On 7/11/2016 7:23 PM, deadalnix wrote:
On Tuesday, 12 July 2016 at 01:28:31 UTC, Walter Bright wrote:
I don't see anything actionable in your comment.
Defining by which way @safe actually ensure safety would be a good start.
I'm sorry for the frustration, but the "mention a problem, get asked for
an example, provide example, example is debated to death while problem
is ignored" cycle have become the typical interraction pattern around
here and that is VERY frustrating.
The example you gave of .ptr resulting in unsafe code has been in
bugzilla since 2013, and has an open PR on it to fix it.
https://issues.dlang.org/show_bug.cgi?id=11176
You didn't submit it to bugzilla - if you don't post problems to
bugzilla, most likely they will get overlooked, and you will get
frustrated. @safe issues are tagged with the 'safe' keyword in bugzilla.

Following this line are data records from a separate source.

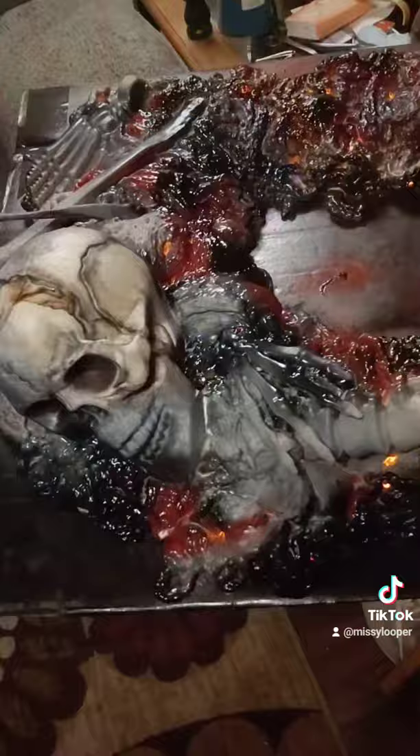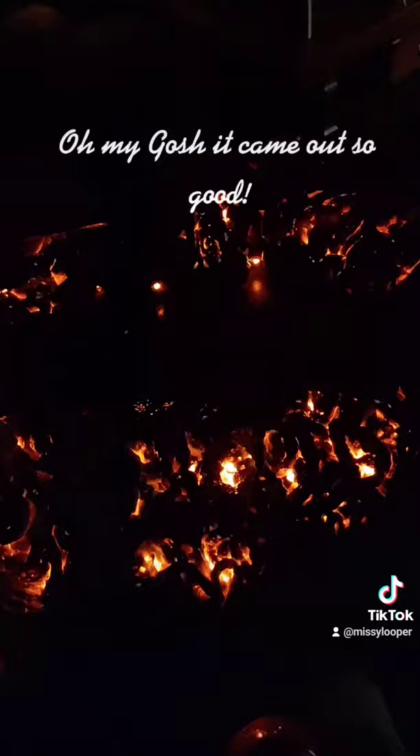Oh my gosh, it came out so good. Even better in the dark. Happy Halloween!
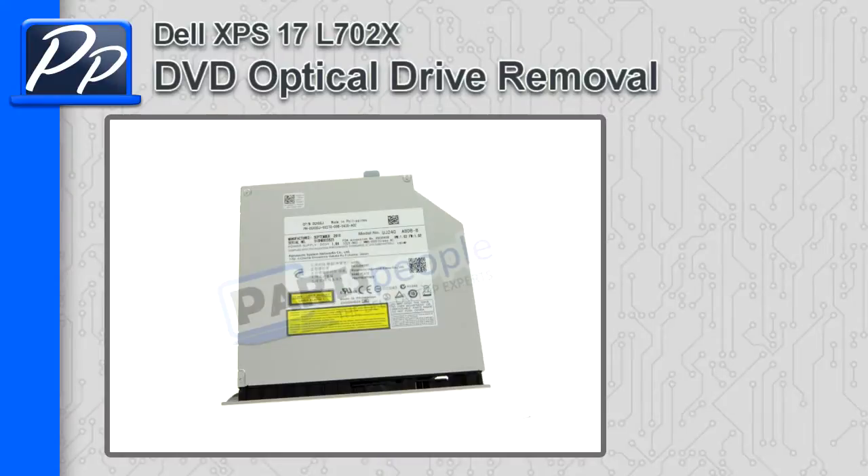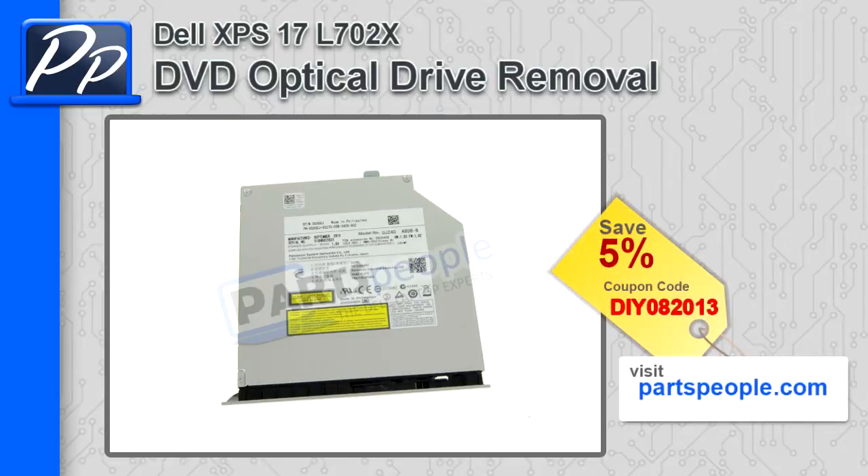Hey, what's up? This is Roscoe with Partspeople.com showing you how to remove the optical drive on an XPS 17 L702X. If you're looking for an optical drive, check out Partspeople.com's website and use this 5% discount coupon.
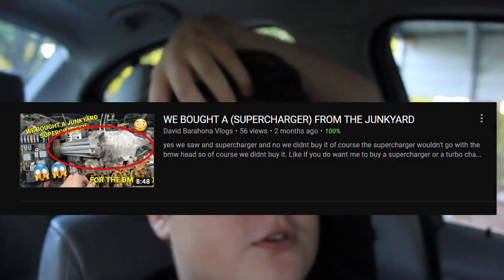What's up guys, it's David. I know I haven't posted in like a month or two since my last video. Some of y'all might have already seen it, but I'm gonna show a little glimpse of what it was.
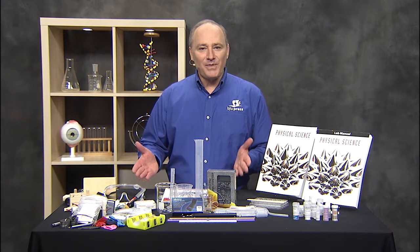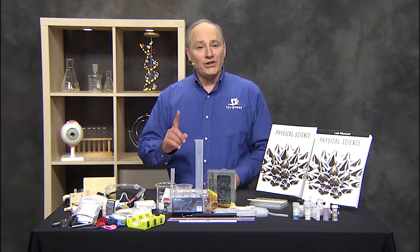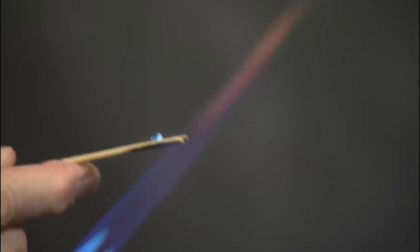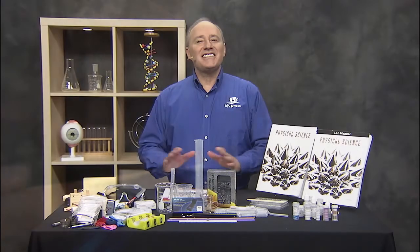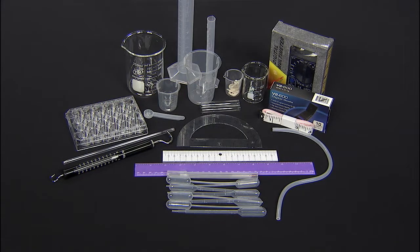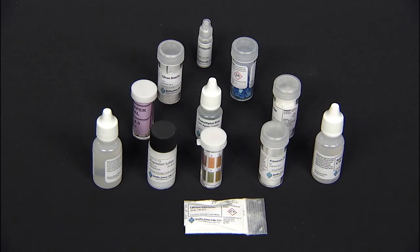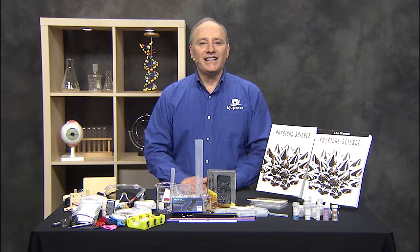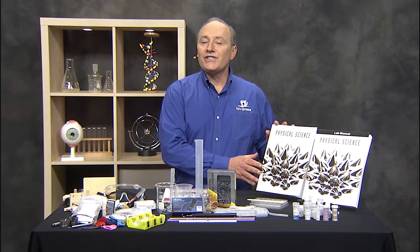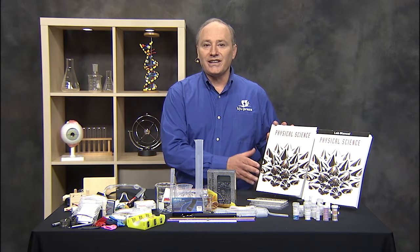Now I'm guessing that you don't have a spectroscope around the house, but you can still examine the spectra with this lab. The kit contains everything you need for observation, measurements, and chemicals. So there's a quick look at what you get in the Logos Physical Science Kit that goes with the BJU Press Physical Science 5th Edition Textbook and Lab Manual.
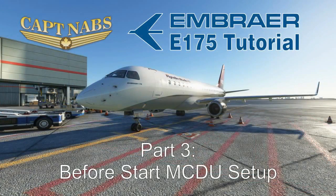Hey everybody, it's Captain Nabs here with you once again, and we're going to start up now with Part 3 of how to set up this Embraer E-175 aircraft for flight. In Part 3, we're going to deal with setting up the MCDU, or the Flight Management System, in the aircraft. This is the meat and potatoes of trying to get this aircraft ready for flight.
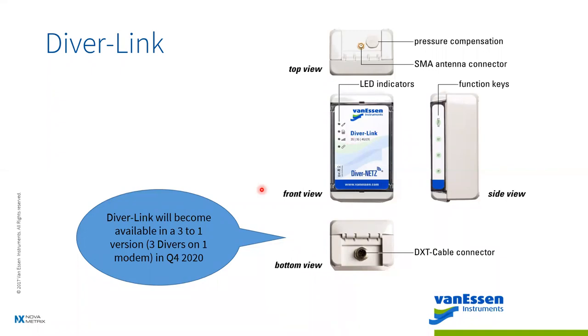Later this year we're offering the DiverLink 3. You can have the option for one, two, or three cable connections. For a well where you want to monitor different levels with three Divers connected to one unit — or for wells close to each other where you can run conduit to a centralized modem for all three Divers and their data. That's coming in Q4, probably closer to the end of the year.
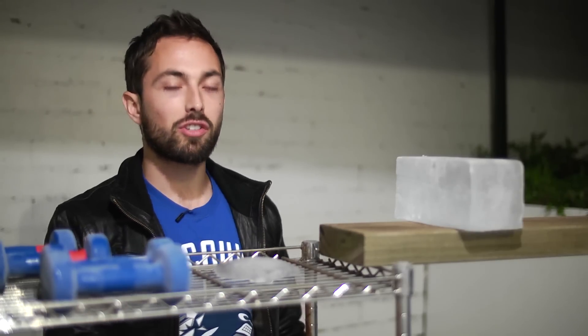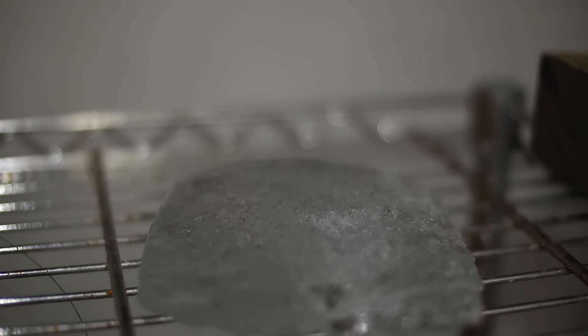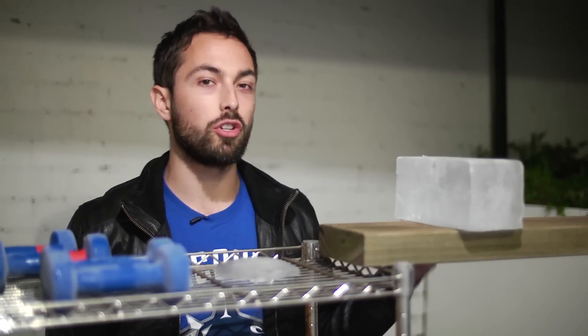Most people know that you can melt ice just by putting salt on it. Salt decreases the melting point of the ice, meaning it'll melt faster. What's another way to decrease the melting point of ice? The answer is you apply pressure to it.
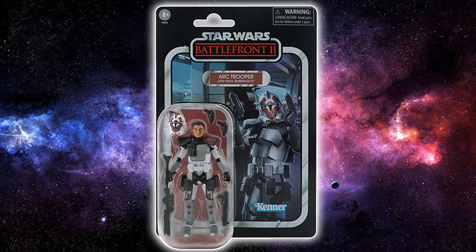The card art looks great with the Arc Trooper with his two pistols on Kamino by the looks of it, which makes sense — clones on Kamino. When I think of Battlefront 2, I do think a lot of Kamino. Playing Supremacy, I do tend to end up on Kamino quite a lot, which I enjoy. I think it's a good map. They've also put Star Wars Battlefront 2 in the brackets on the pill there, as well as in the header at the top, which is fine.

If you know of other bugs with @safe, and they aren't in the list,
please add them. Saying generically that @safe has holes in it is
useless information since it is not actionable and nobody keeps track of
bugs posted on the n.g. nor are they even findable if you suspect
they're there.
----
If I may rant a bit, lots of posters here posit that with "more
process", everything will go better. Meanwhile, we DO have process for
bug reports. They go to bugzilla. Posting bugs to the n.g. does not
work. More process doesn't work if people are unwilling to adhere to it.